Türk kahvesi sıcak sudan yapılmıştı, köpürmemişti velhasıl bulaşık suyundan halliceydi.
Kitapçıda Mehmet'i gördüm, aslında hiç sevmem, ayıp olmasın diye de adını değiştirdim zaten, hani yazıyı okur da güceneceği tutarsa, kıvırma payım olsun...
Çay içmeyi önerdi, ne zamandır sohbet etmiyoruz şimdi kabul etmesem ayıp olacak diye düşündüm, "olur" dedim...
Dolmuş çocuk, dertli de, ayıp olmasın diye dinledim...
Sıkıntıdan tırnaklarımı yemeye başlamışken, fıkra anlatacağı tuttu adamın...
Ayıp olmasın diye de dandik bir fıkraya gülünür mü yahu?
Anlatan çok hevesli olunca...
Güldüm...
Ayıp olmasın diye çay paralarını da ödedim sonra...
Yağmur yağıyordu ayıp olmasın diye evine de bıraktım.
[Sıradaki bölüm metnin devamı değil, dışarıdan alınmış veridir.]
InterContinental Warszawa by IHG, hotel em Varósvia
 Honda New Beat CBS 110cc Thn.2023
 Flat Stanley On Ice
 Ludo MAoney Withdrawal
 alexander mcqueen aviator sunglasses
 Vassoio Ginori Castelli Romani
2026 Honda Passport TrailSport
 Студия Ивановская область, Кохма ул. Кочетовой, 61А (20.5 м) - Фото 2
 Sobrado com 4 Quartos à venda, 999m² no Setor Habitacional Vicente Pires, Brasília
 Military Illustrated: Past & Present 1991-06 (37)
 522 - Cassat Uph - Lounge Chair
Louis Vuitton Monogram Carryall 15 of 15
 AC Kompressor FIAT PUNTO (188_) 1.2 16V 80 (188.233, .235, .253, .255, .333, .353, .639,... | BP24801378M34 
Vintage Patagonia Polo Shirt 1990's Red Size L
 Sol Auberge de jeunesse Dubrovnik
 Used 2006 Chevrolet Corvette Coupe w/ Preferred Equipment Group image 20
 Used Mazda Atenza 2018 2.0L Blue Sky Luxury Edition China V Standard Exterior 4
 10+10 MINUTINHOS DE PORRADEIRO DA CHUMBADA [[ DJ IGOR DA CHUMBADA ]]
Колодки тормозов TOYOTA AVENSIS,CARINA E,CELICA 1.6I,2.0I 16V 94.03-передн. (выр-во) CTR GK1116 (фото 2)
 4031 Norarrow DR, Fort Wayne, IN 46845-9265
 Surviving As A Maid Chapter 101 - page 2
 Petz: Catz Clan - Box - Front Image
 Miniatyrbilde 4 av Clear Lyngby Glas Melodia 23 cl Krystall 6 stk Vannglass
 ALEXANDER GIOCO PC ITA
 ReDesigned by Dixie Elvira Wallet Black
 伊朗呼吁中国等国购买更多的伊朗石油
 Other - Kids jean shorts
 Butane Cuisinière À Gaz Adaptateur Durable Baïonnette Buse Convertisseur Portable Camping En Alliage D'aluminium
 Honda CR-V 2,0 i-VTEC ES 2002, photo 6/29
Alış veriş merkezinde sepetimdekilerin ücretini ödemek için kuyruğa girdim, tam sıra bana geldi, altmışlı yaşlarda, şapkalı, pardösülü bir amca gözümün içine baka baka önüme geçti...
Ayıp olmasın, tatsızlık çıkmasın diye görmezden geldim...
Kapalı garajda öpüşen çifte ayıp olmasın diye başımı çevirdim sonra...
Mahalleye geldim, arabamı park ettim, elimde poşetlere eve gidiyorum...
Ayıp olmasın diye o kadar dikkat ettikten sonra...
Biri arkamdan seslendi;
" Komşu ayıp oluyor ama orası benim park yerim!"